Rust Belt searches for a new economy
| ST. LOUIS
When word came down earlier this month that Ford Motor Company would close its Hazelwood plant in suburban St. Louis, workers were stunned. They made a top-selling sports-utility vehicle. They were slated to begin turning out a new luxury SUV.
But the future was hardly secure. The auto industry is consolidating farther east. Worse, for St. Louis and many other Midwestern industrial urban centers, manufacturing in general is losing its horsepower as an engine of growth.
These old-line urban centers need a new economic engine to propel them forward, economists say. Few have found it. Until they do, prospects for the Midwest's industrial cities don't look particularly cheery - even if, as expected, they bounce out of recession later this year.
"I don't see on the horizon how these cities are going to come back the way they were," says Sukkoo Kim, an economist at Washington University in St. Louis.
Consider St. Louis. When Henry Ford attended the 1904 World's Fair here, manufacturing was booming. So was the population. A decade later, St. Louis got its own Ford auto plant.

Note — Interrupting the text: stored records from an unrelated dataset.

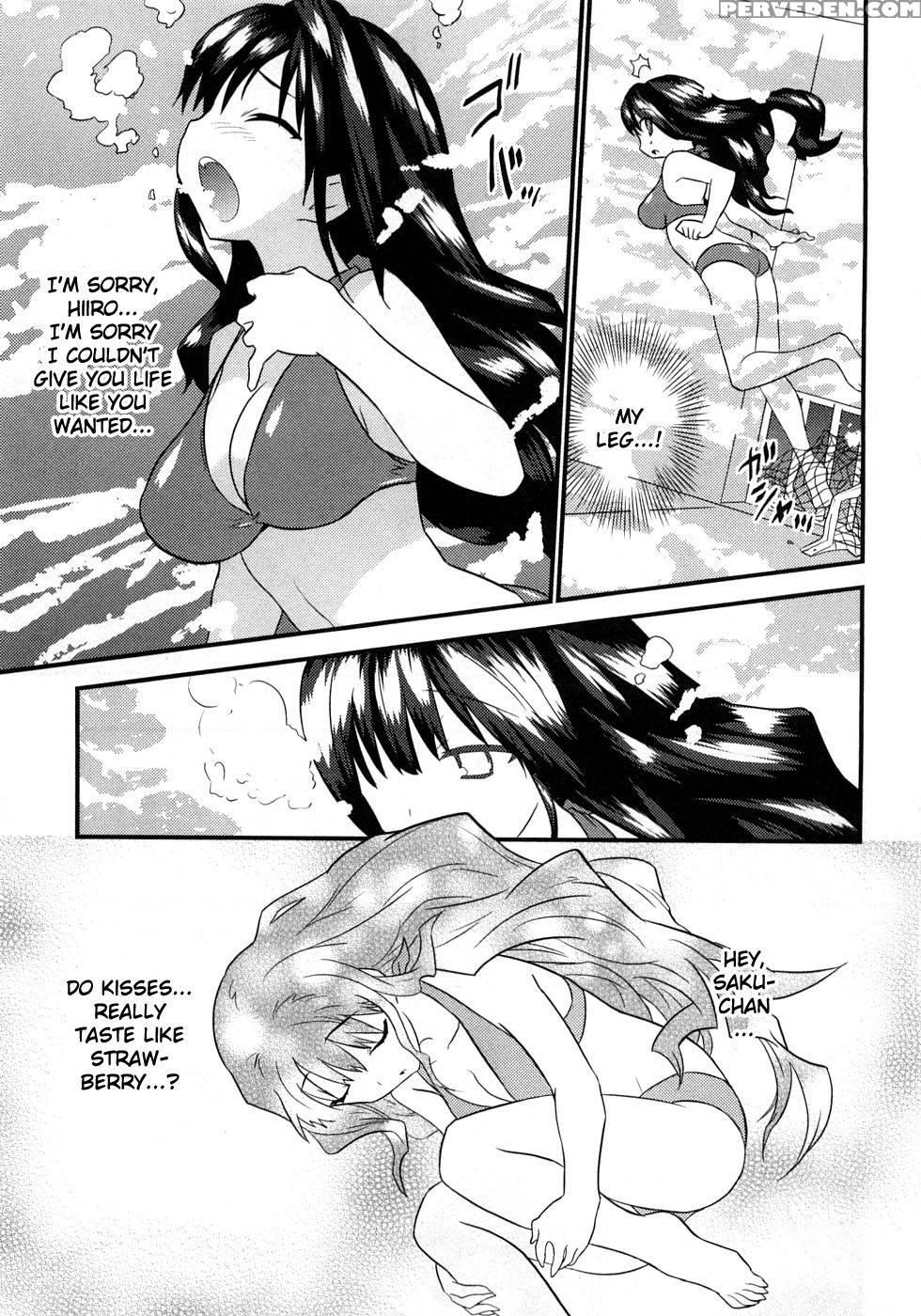 Yomeiro Choice - Chapter 5 - Tenkla 1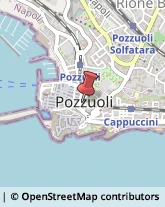 Via Giuseppe Mazzini, 19,80078Pozzuoli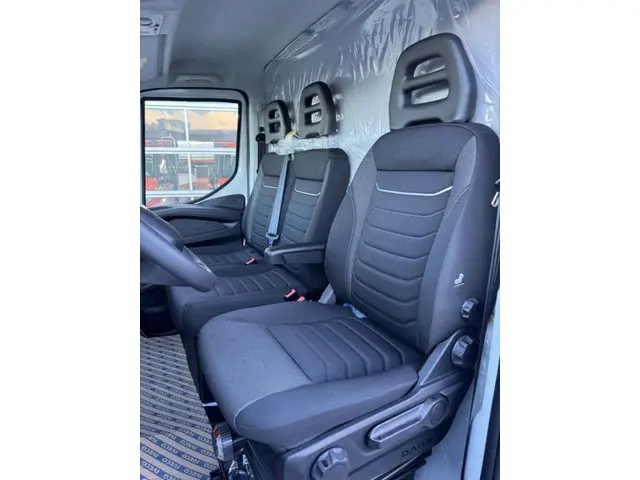 Iveco Daily Electric 38S14V 74Kw L3 H2 2024 Elektrisch 10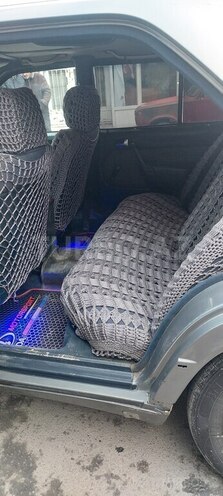 Mercedes 190 1989, 807,000 km - 2.0 l - Balakən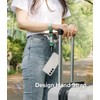 Ringke Hand Strap, Correa de Mano Ajustable y Duradera para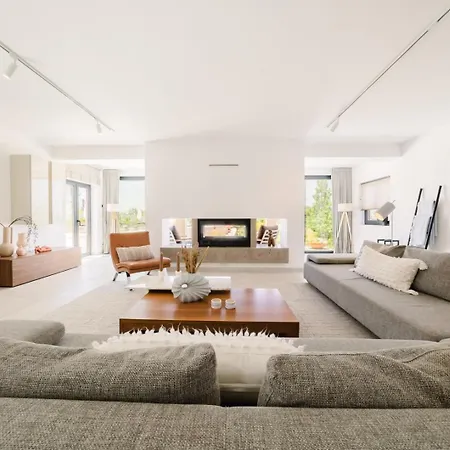 Acacias - Boutique In Wine Country Villa Alenquer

Now, nearly 90 years later, the automaker plans to leave the area, saying it will shutter its Hazelwood plant by mid-decade. Its rise and fall patterns the shifting fortunes of midwestern manufacturing generally.
The industrial Midwest remains a fuzzy concept geographically. Some say it reaches from Buffalo, N.Y., to Omaha, Neb. Others stretch it southward to include Kentucky and Tennessee. But the clearest reading comes from the five core states clustered around the Great Lakes: Michigan, Ohio, Indiana, Illinois, and Wisconsin. There, manufacturing exploded between the Civil War and the end of World War II, then declined. In 1947, the Great Lakes states played host to nearly one of every three American factory jobs. Today, they retain less than one in four.
But the Great Lakes states, along with the nation as a whole, have seen manufacturing's importance dwindle within their borders. But with manufacturing still accounting for 23 percent of the region's economy, it remains America's most manufacturing-dependent region - but just barely. The Southeast now lies only half a percentage point behind.
"To ask cities to continue to thrive on the basis of manufacturing ... I wonder if it's like asking them to be on the leading edge of the trailing edge," says Patrick Welch, an economics professor at St. Louis University's business school. "We are just making a fundamental change in the basic structure of the economy."
The new economy is increasingly global, knowledge-based, and computer-driven. Manufacturing can easily move outside the US, which puts additional competitive pressure on the Midwest.
While the Midwest's manufacturing base is slowly diffusing to other parts of the country and the world, the auto manufacturing that remains is concentrating in a smaller area.
In 1979, the Midwest contained just under half of auto- and truck-assembly plants; now, it's slightly more than half. Meanwhile, foreign automakers have opened new Southern plants that stretch all the way to the Gulf.
This new corridor from Michigan to Alabama and Mississippi represents the future of the industry, because it's the best place from which to ship cars all over the United States, argues James Rubenstein, chairman of the geography department at Miami University of Ohio in Oxford, Ohio.
By and large, Ford's announced closings of the St. Louis and four other plants represent the geographical shift to this new auto corridor, he adds. In all, the troubled automaker hopes to trim 20,000 jobs from its North American operations (which include Canada and Mexico).
The United Auto Workers union and the mayor of Hazelwood have vowed to try to convince Ford to change its mind. The Hazelwood plant is still slated to build a luxury SUV, the 2003 Lincoln Aviator. But many economists see this as a rearguard action.
The real trick will be for the Midwest's cities to fashion a new economic logic, economists say. Chicago, for example, has distinguished itself as a market information center through its various financial and commodities exchanges, says Dr. Kim of Washington University.
Other Midwestern cities may be able to build on their own advantages. They retain the corporate headquarters of several Fortune 500 companies out of all proportion to their size, points out Dr. Welch of St. Louis University.
Last year, for example, St. Louis tied with San Francisco for fifth place among US cities with eight Fortune 500 headquarters. Cleveland, Pittsburgh, Cincinnati, and Milwaukee all placed within the top 15, ahead of more dynamic places such as Los Angeles and Seattle.
Several of these old-line cities have tried to diversify. Pittsburgh has retooled into a center for services and specialty steel. St. Louis is trying to build itself into the nation's biotechnology center. But such efforts have not yet translated into much demographic growth.
Yet Midwestern cities continue to lose residents. Six of the 10 large cities with the biggest population losses were either located in the Great Lakes states or bordered them. These include St. Louis, Buffalo. and Pittsburgh.